→ ABOUT THIS TASK
Please copy out the entries until you have copied the line that contains "Коммерсант предлагал чиновникам", beginning with the first line.

→ DATA PROVIDED

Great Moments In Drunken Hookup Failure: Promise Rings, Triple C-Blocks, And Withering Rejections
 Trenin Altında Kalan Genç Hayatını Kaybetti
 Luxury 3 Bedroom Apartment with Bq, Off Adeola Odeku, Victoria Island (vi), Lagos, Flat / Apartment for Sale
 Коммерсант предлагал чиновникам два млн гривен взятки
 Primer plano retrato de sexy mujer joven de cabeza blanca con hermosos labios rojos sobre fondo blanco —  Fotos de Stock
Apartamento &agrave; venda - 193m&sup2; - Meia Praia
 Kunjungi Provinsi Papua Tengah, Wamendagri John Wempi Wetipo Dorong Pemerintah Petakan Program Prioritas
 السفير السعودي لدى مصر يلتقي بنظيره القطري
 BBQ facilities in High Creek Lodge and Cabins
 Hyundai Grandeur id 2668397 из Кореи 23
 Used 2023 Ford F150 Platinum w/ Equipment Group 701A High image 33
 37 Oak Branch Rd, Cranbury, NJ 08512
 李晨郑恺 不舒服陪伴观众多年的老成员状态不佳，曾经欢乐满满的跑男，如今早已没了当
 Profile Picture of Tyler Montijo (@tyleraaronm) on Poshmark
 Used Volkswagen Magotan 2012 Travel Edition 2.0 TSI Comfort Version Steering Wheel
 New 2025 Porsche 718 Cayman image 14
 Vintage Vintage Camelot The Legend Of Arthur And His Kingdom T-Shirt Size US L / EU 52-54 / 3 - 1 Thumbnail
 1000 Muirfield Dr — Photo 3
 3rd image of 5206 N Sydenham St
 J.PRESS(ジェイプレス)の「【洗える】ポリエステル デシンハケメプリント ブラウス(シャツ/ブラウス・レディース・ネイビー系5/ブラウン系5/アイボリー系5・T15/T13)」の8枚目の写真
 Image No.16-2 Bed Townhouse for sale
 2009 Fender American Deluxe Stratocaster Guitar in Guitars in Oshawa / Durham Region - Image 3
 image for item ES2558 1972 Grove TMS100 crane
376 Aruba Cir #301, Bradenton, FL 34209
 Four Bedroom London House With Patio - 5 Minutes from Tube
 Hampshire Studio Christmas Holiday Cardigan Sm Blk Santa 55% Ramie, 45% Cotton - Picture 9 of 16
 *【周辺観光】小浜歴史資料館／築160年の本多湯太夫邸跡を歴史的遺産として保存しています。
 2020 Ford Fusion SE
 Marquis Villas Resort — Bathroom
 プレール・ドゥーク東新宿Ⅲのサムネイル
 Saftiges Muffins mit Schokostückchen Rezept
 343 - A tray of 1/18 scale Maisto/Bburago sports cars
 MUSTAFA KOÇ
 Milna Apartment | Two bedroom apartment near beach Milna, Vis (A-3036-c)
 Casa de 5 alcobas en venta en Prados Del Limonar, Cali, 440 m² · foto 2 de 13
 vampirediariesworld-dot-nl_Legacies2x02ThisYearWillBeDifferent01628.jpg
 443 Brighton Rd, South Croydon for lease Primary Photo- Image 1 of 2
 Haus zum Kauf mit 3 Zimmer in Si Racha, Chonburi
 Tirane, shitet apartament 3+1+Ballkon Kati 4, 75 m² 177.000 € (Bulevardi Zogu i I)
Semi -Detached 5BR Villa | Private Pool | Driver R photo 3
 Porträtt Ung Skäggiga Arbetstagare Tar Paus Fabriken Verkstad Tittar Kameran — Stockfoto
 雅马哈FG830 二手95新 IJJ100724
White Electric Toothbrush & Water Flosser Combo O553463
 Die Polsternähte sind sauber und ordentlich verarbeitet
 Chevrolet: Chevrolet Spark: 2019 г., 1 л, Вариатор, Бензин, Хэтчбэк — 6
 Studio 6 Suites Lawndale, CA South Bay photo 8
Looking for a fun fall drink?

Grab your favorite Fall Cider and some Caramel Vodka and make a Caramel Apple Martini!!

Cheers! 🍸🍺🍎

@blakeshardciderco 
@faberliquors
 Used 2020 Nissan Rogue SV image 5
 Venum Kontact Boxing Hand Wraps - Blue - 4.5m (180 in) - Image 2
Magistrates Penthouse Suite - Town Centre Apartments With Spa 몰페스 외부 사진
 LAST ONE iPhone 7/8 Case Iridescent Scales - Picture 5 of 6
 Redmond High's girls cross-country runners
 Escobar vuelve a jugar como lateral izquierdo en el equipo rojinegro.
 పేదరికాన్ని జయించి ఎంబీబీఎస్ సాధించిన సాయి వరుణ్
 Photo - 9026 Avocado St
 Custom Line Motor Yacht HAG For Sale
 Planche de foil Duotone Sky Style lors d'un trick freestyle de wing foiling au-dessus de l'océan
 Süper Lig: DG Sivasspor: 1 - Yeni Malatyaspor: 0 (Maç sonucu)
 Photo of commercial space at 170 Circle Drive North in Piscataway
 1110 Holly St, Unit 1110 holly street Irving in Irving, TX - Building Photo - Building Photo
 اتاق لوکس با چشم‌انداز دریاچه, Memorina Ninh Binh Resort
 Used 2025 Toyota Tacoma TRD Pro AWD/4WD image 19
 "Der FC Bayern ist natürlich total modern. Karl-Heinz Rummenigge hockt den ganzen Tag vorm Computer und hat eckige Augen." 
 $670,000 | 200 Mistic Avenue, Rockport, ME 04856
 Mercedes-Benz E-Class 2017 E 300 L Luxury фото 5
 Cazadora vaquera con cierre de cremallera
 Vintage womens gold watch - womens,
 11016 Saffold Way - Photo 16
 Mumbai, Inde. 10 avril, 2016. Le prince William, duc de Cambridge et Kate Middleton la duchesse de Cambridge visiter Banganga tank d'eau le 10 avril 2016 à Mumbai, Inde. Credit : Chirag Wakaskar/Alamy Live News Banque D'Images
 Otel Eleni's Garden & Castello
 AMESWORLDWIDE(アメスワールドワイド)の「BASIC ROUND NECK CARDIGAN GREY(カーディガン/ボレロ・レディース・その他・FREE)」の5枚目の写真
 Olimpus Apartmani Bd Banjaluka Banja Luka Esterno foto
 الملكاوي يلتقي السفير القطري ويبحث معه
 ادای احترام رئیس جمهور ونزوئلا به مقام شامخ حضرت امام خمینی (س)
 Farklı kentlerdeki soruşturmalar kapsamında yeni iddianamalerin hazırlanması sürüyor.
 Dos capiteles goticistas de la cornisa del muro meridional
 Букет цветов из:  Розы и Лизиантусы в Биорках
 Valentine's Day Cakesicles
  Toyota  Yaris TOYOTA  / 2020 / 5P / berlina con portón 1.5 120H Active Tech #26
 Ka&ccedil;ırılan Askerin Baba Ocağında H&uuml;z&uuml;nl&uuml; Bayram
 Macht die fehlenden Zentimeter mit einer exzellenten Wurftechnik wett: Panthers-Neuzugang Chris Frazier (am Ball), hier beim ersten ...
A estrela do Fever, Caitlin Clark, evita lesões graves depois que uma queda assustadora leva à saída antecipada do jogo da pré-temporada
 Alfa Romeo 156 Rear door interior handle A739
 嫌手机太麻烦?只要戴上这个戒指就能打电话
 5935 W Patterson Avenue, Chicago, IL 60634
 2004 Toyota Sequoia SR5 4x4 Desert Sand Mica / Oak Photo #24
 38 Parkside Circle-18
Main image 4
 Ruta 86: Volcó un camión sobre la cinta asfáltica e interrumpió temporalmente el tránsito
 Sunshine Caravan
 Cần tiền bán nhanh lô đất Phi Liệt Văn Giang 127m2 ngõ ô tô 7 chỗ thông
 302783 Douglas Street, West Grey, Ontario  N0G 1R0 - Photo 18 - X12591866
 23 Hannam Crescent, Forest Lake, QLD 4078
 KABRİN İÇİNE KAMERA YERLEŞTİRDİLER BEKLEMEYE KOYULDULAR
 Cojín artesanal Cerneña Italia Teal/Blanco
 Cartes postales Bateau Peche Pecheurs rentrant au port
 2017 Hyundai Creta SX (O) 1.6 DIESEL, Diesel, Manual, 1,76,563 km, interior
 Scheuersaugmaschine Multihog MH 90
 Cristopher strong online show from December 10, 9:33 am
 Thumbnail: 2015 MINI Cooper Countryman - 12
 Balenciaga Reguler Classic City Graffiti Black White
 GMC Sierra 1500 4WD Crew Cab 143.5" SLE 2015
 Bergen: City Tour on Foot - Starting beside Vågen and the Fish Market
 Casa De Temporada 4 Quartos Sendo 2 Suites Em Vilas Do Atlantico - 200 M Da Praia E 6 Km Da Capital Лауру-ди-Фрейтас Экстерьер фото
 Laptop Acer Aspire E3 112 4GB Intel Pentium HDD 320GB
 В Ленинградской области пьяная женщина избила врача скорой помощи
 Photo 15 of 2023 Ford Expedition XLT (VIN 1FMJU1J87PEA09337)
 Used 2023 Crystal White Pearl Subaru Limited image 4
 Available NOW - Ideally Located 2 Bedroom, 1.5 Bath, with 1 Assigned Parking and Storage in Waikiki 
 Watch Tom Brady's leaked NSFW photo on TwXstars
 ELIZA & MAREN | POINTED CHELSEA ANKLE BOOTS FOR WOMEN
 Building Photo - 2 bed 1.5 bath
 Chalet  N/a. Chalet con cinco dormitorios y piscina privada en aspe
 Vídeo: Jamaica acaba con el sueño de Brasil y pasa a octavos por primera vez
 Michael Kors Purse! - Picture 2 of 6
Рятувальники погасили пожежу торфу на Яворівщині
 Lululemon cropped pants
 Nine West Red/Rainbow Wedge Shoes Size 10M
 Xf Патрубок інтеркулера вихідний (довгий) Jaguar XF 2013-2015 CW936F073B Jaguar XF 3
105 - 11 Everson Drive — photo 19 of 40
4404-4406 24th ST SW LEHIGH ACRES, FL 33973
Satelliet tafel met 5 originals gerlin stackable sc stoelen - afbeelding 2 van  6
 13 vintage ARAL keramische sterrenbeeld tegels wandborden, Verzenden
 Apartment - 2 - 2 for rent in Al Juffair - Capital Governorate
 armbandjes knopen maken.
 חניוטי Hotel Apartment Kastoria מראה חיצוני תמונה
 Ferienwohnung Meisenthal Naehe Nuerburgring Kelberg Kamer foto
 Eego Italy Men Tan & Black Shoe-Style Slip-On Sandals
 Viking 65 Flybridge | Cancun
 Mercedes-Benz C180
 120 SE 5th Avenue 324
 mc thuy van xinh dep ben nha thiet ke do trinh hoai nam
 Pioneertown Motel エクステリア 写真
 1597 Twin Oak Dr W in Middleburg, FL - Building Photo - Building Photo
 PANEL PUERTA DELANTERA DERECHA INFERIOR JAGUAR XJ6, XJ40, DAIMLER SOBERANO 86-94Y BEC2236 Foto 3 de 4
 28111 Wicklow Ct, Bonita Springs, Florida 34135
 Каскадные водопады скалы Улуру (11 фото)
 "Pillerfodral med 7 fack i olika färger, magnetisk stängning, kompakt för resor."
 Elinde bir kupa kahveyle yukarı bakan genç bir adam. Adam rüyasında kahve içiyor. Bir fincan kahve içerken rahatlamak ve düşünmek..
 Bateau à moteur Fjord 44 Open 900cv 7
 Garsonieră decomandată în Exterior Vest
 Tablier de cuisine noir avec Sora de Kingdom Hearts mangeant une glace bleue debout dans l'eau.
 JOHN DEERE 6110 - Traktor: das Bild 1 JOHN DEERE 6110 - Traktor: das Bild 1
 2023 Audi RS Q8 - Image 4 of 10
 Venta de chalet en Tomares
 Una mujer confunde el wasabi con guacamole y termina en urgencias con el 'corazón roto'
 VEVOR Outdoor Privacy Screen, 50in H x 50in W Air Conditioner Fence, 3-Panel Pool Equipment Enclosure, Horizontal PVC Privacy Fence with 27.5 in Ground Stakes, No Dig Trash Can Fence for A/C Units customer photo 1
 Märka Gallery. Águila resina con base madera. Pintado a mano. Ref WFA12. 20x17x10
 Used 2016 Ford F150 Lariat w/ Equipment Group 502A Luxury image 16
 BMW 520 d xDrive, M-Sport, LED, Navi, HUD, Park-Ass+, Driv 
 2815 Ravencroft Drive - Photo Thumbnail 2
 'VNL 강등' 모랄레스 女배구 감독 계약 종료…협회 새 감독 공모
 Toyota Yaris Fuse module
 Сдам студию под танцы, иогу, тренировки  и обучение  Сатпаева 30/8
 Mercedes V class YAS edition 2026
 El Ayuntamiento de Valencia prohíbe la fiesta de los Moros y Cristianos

→ TASK SOLUTION
Great Moments In Drunken Hookup Failure: Promise Rings, Triple C-Blocks, And Withering Rejections
 Trenin Altında Kalan Genç Hayatını Kaybetti
 Luxury 3 Bedroom Apartment with Bq, Off Adeola Odeku, Victoria Island (vi), Lagos, Flat / Apartment for Sale
 Коммерсант предлагал чиновникам два млн гривен взятки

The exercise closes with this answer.